Home builders are capitalizing on the uptick in multigenerational family living arrangements at a time when new-home development is in a slump. Also, new data shows why Generation X has taken the brunt of the housing downturn.
And, a Friday Five update wouldn’t be complete without this week’s buzz from Capitol Hill: Lawmakers came to an agreement on restoring the Federal Housing Administration loan limits, but they only approved another short-term extension of the National Flood Insurance Program.
Bloomberg Businessweek: Home Builders Target In-Laws and Dogs as Extended Families Grow
Kevin Barnes figures buying a newly built home saved him money. That’s because he chose a model with a second master bedroom for his mother-in-law. The Barnes residence is part of a growing line of new homes marketed to multigenerational families, a category that increased by 30% from 2000 to 2010, according to the U.S. Census Bureau.
For millions of younger Americans, this long (housing) price slump will have a lasting financial impact. Economists are finding the slump is disproportionately hurting the so-called Generation X — people born between 1965 and 1982. Here’s why they are being hurt more than Baby Boomers, born between 1946 and 1964.

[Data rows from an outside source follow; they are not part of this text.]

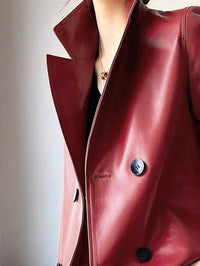 Buttoned Solid Color Long Sleeves Notched Collar Outerwear Jackets&Coats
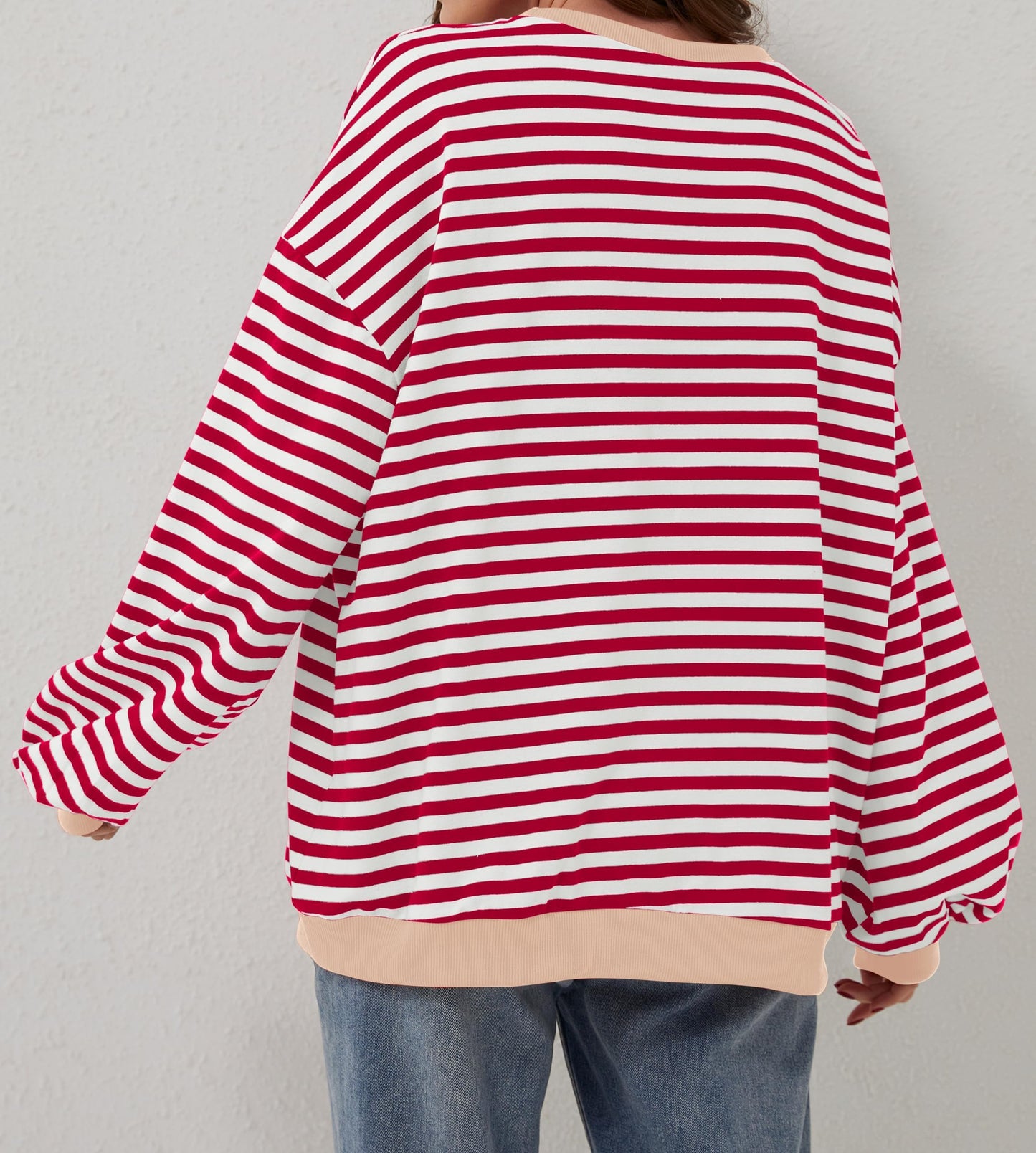 🔥Offre 49% OFF😲 - Chemise oversize rayée à manches longues pour femmes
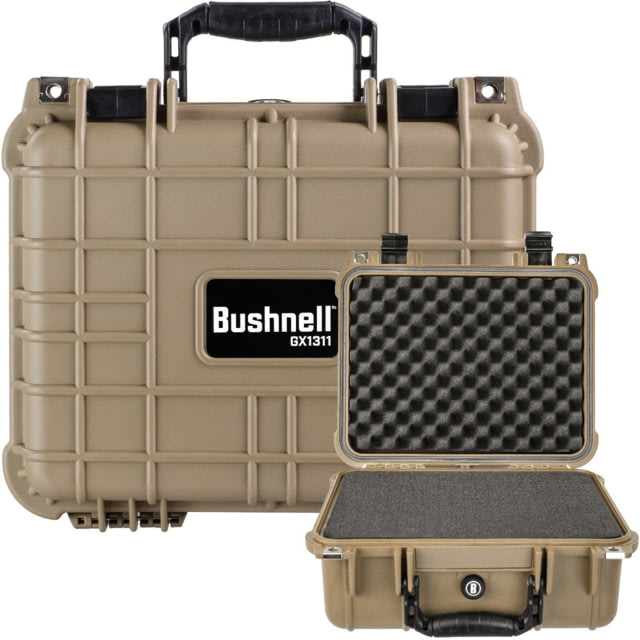 Bushnell Compact 13.37in Waterproof Gear Hard Case w/Foam Tan - Bushnell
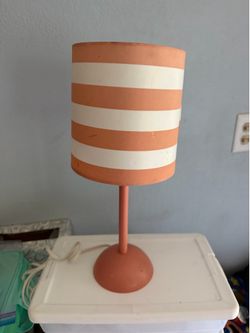 Pink and white strip lamp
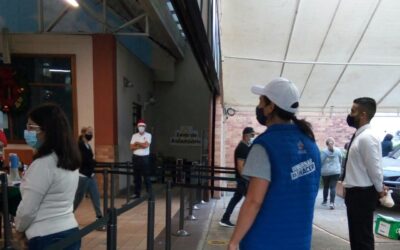Alcaldía acompaña y verifica el cumplimiento de las medidas de bioseguridad durante las misas de aguinaldos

Omaha World-Herald: Buffett: Housing will Revive Economy
U.S. housing remains in a “depression,” Omaha investor Warren Buffett said Monday, but the rest of the economy is advancing enough that when housing recovers, employment will jump and the overall economy will grow significantly.
HouseLogic: Congress Restores FHA Loan Limits
Congress agreed to restore to previous levels the maximum loan size you can get when you use the Federal Housing Administration’s mortgage program to buy a home or refinance your current mortgage in high-cost real estate markets. The change will help make mortgages more affordable and accessible for middle-class families.
Insurance Journal: Flood Insurance Program Extended Until Dec. 16
Congress has approved yet another resolution to fund parts of the federal government, including the nation’s flood insurance program on a short-term basis. This time the funding runs until Dec. 16.